Lesson Plan

• Describe the main threats to data and to computer systems.
• Explain how encryption, hashing, access control, backups and secure transmission protect data.
• Explain how firewalls, patch management, IDS/IPS, physical security and hardening protect the system.
• Analyse the inter‑relationship between data security and system security.
• Apply the password‑entropy formula to evaluate password strength.

• Projector and screen
• Slide deck summarising threats and controls
• Handout with threat‑to‑area matching activity
• Worksheet for password‑entropy calculations
• Laptop with internet access for live encryption demo
• Printed diagram of a layered security model

Begin with a brief news clip of a recent data breach to capture interest. Ask students what they already know about confidentiality, integrity and availability. Explain that by the end of the lesson they will be able to identify key threats, match appropriate controls, and evaluate password strength.

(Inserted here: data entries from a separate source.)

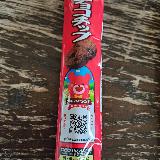 本格的なチョコチップクッキー。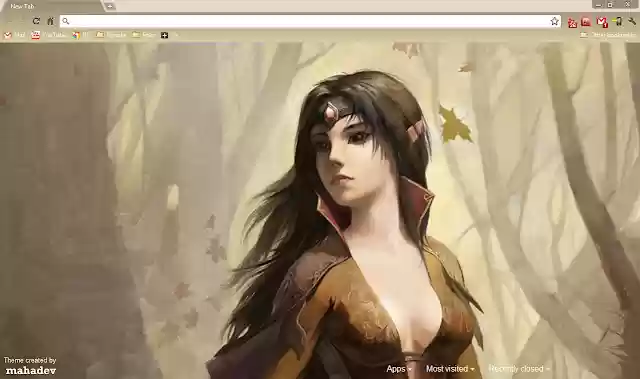 Beautiful Forest from Chrome web store to be run with OffiDocs Chromium online Beautiful Forest from Chrome web store to be run with OffiDocs Chromium online
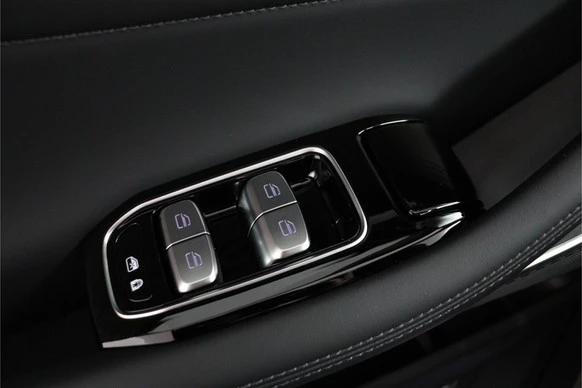 Omoda 9 SHS - Afbeelding 17 van 30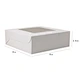 Cake Box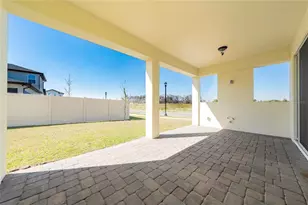 4836 Shady Pnes Dr, Saint Cloud, FL 34772 - Photo 19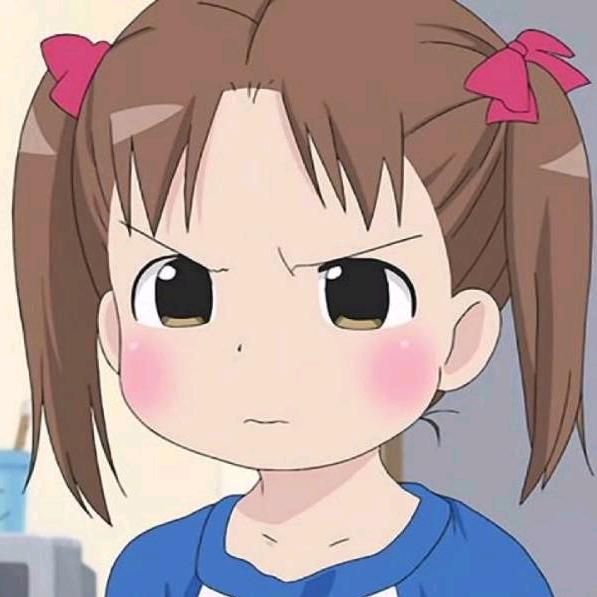 不苦苦pubg
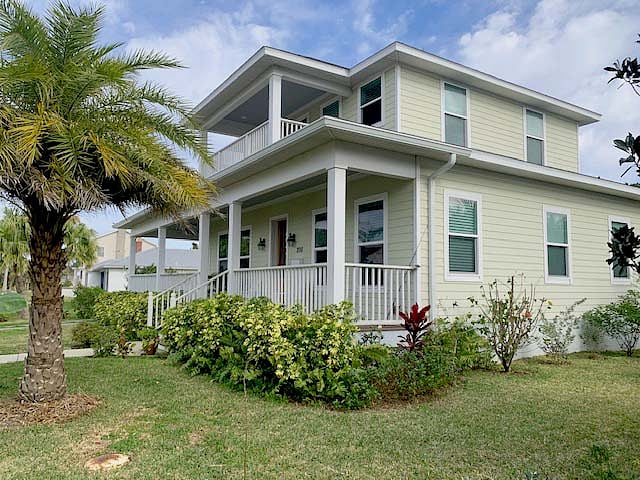 Furnished Finder property 808378_1 photo 14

1. Do‑now (5'): Students list recent security incidents they have heard about; share in pairs.
2. Mini‑lecture (10'): Present key threats to data and to systems using slides.
3. Group activity (15'): Matching worksheet – teams link each threat to either data or system and suggest a mitigation.
4. Demo (10'): Live encryption of a short text (AES) and quick calculation of password entropy with an online tool.
5. Case‑study discussion (15'): Analyse the layered security diagram; identify which controls protect data vs. system.
6. Check for understanding (5'): Quick Kahoot quiz covering terminology and relationships.

Recap the main threats and the complementary controls for data and system security. Students complete an exit ticket stating one new thing they learned and one question they still have. For homework, they research a recent security breach and write a short report describing the data and system vulnerabilities involved and the controls that could have prevented it.